URIs / URLs [Dan Connolly]

Date: Fri, 06 Apr 2001 08:54:05 -0500
From: Dan Connolly <connolly@w3.org>
To: Pierre-Antoine CHAMPIN <champin@bat710.univ-lyon1.fr>
Cc: www-rdf-interest@w3.org, www-rdf-logic@w3.org
Subject: Re: URIs / URLs

Pierre-Antoine CHAMPIN wrote:
[...]
> HTML and PDF version available at
>   http://www710.univ-lyon1.fr/~champin/urls/

This document promulgates a number of myths about
Web Architecture...

  "However, other W3C recommendations use URLs to identify
  namespaces [6,8,11]. Those URLs do not locate the
  corresponding namespaces (which are abstract things and
  hence not locatable with the HTTP protocol), "

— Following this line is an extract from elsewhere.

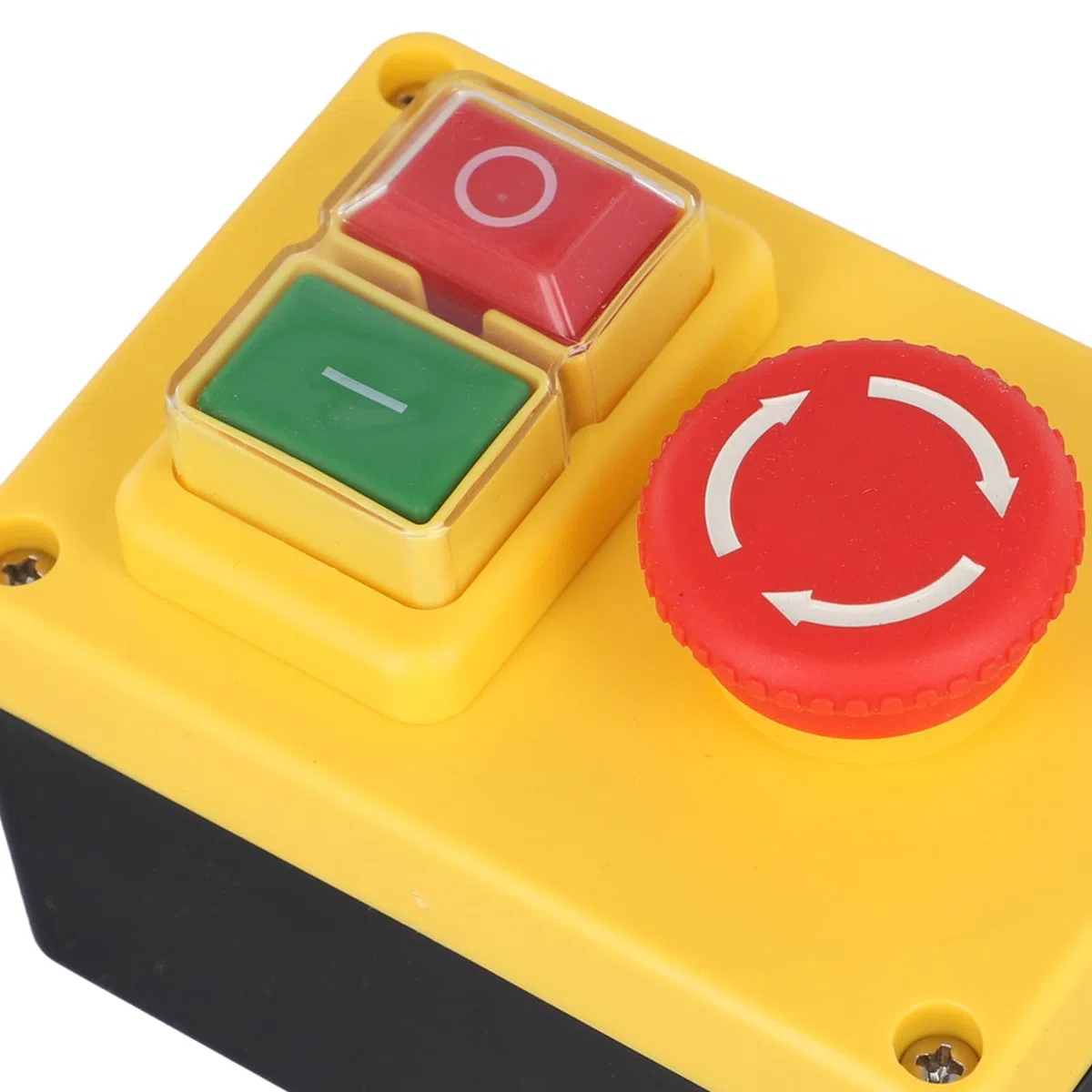 ZYWUOY Interruttore elettromagnetico a pulsante 16A 250V Pulsante Interruttore Macchina per seghe da banco e macchine da officina Motor StopStart Pulsante Utilizzato in Macchinari/Attrezzatura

I don't see any justification for the claim
that namespaces are disjoint from HTTP resources.
One of the primary motivations for the
XML namespaces recommendation is to make the
Web self-describing: each document carries the
identifiers of the vocabularies/namespaces it's written in;
the system works best when you can use such
an identifier to GET a specification/description
of the vocabulary.

  "For example, the URI of the type property of RDF is
  http://www.w3.org/1999/02/22-rdf-syntax-ns#type. As a
  matter of fact, the property itself is not located by that
  URL: its description is. "

Again, I see no justification for the claim that this
identifier doesn't identify a property.

  "URLs are transient 

  That means they may become invalid after a certain period
  of time [9]. "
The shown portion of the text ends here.